- _DATA RECORDS_
......
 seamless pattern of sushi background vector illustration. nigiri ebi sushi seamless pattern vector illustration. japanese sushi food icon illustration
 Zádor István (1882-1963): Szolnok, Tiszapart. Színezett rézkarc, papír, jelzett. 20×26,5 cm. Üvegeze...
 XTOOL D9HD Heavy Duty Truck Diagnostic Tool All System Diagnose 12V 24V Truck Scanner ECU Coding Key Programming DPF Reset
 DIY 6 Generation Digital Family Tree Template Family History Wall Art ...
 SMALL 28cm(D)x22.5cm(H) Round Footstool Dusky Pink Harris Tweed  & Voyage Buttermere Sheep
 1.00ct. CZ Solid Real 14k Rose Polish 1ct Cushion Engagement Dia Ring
......
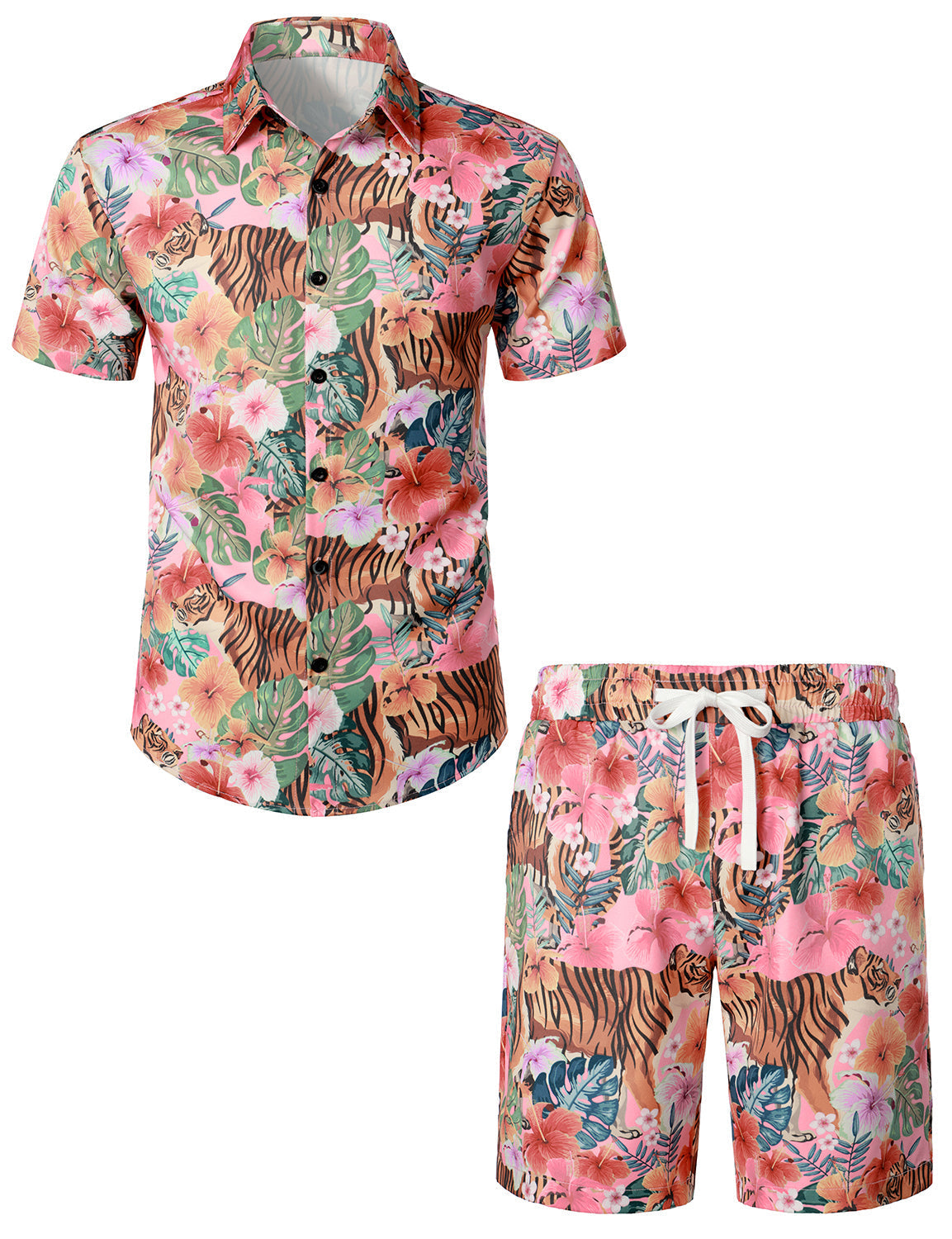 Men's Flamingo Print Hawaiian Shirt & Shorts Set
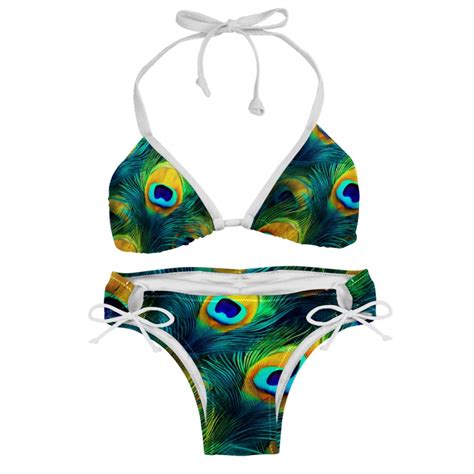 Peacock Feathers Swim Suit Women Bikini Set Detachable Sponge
......
Once you find the line with "XTOOL D9HD Heavy" above, print it and every line after it up to and including the line with "SMALL 28cm(D)x22.5cm(H) Round", exactly as written and nothing else.

 XTOOL D9HD Heavy Duty Truck Diagnostic Tool All System Diagnose 12V 24V Truck Scanner ECU Coding Key Programming DPF Reset
 DIY 6 Generation Digital Family Tree Template Family History Wall Art ...
 SMALL 28cm(D)x22.5cm(H) Round Footstool Dusky Pink Harris Tweed  & Voyage Buttermere Sheep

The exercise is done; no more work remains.